**TASK BRIEF**
Output the entries exactly. Start at the first line, finish with the line containing "Now all you", and omit the pictures.

**MATERIAL PROVIDED**
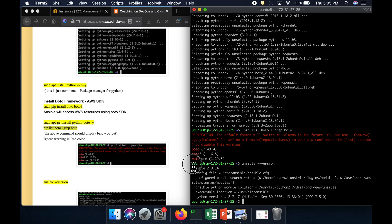Our Ansible is now installed along with the Boto framework, so we should be able to provision any infrastructure in AWS cloud using Ansible. Awesome guys, thank you for watching the video.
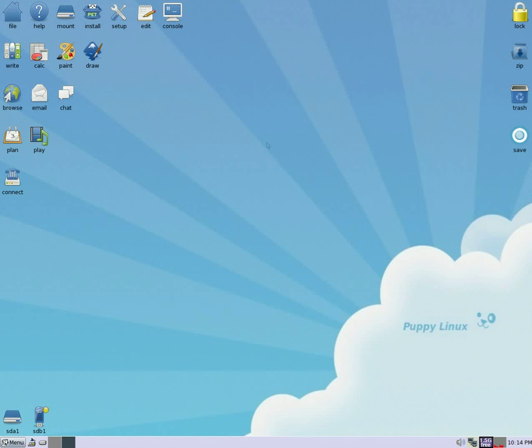Hey, SneakyLinks back tonight, and tonight we've got to install and use Audacity in PuppyLinux. Now you're saying, Audacity? Does that run in PuppyLinux? Of course it does, don't be so silly.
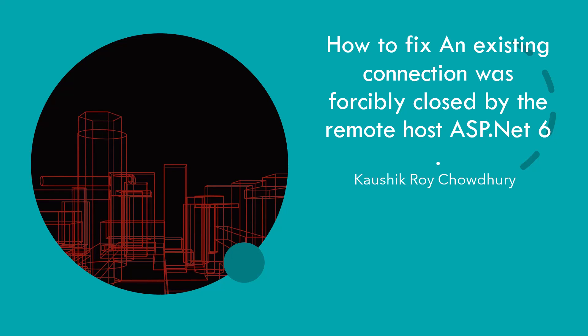Hi all, so today is a very interesting topic. It's a fix on how to fix an existing connection was forcibly closed by the remote host in ASP.NET 6. Now here it's an ASP.NET 6 core solution that I was doing where I encountered this error.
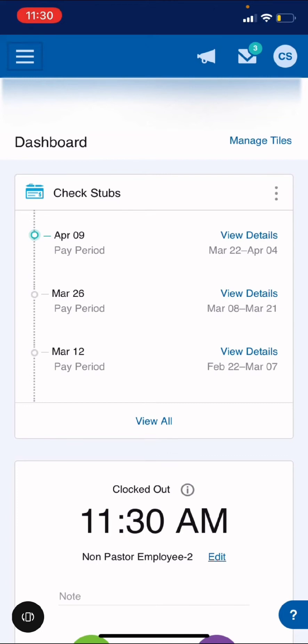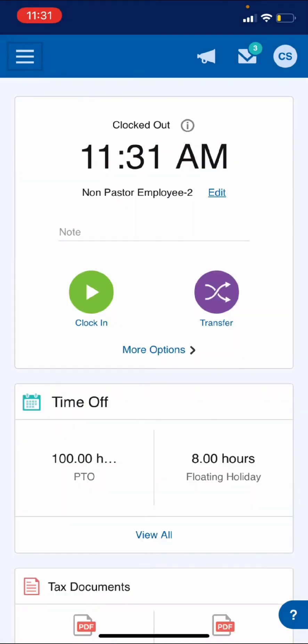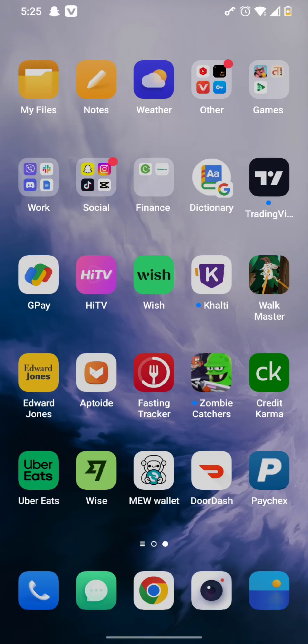Now all you need to do is simply scroll down below to the section where you can find the clock in option. Once you tap on the clock in option, you will get clocked in in your Paychex account.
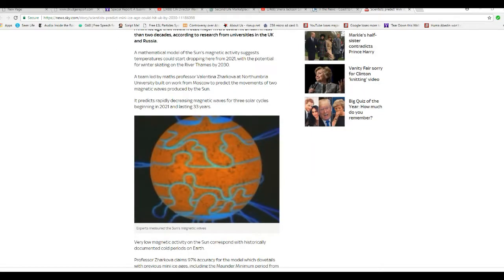It predicts rapidly decreasing magnetic waves for three solar cycles beginning in 2021 and lasting 33 years. Each solar cycle is 11 years.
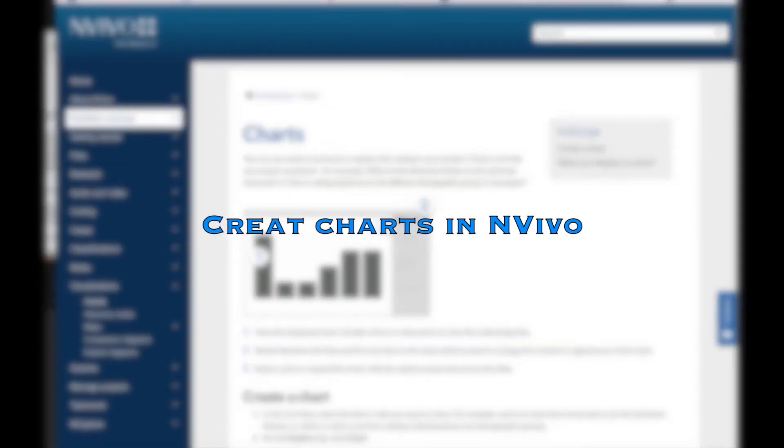Hi everyone. In this video, we will discuss how to create charts using NVivo to explore and analyze data.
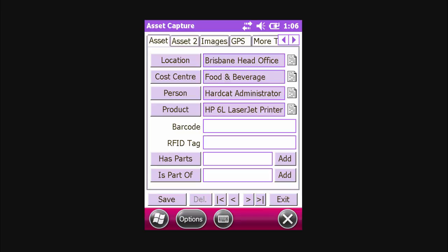With these four pieces of information now entered, we can use the scanner to scan the asset's assigned barcode. If your asset has an RFID tag attached to it or embedded into the barcode tag, we can also scan the barcode value or enter it in.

**ANSWER SPACE**
Our Ansible is now installed along with the Boto framework, so we should be able to provision any infrastructure in AWS cloud using Ansible. Awesome guys, thank you for watching the video.
Hey, SneakyLinks back tonight, and tonight we've got to install and use Audacity in PuppyLinux. Now you're saying, Audacity? Does that run in PuppyLinux? Of course it does, don't be so silly.
Hi all, so today is a very interesting topic. It's a fix on how to fix an existing connection was forcibly closed by the remote host in ASP.NET 6. Now here it's an ASP.NET 6 core solution that I was doing where I encountered this error.
Now all you need to do is simply scroll down below to the section where you can find the clock in option. Once you tap on the clock in option, you will get clocked in in your Paychex account.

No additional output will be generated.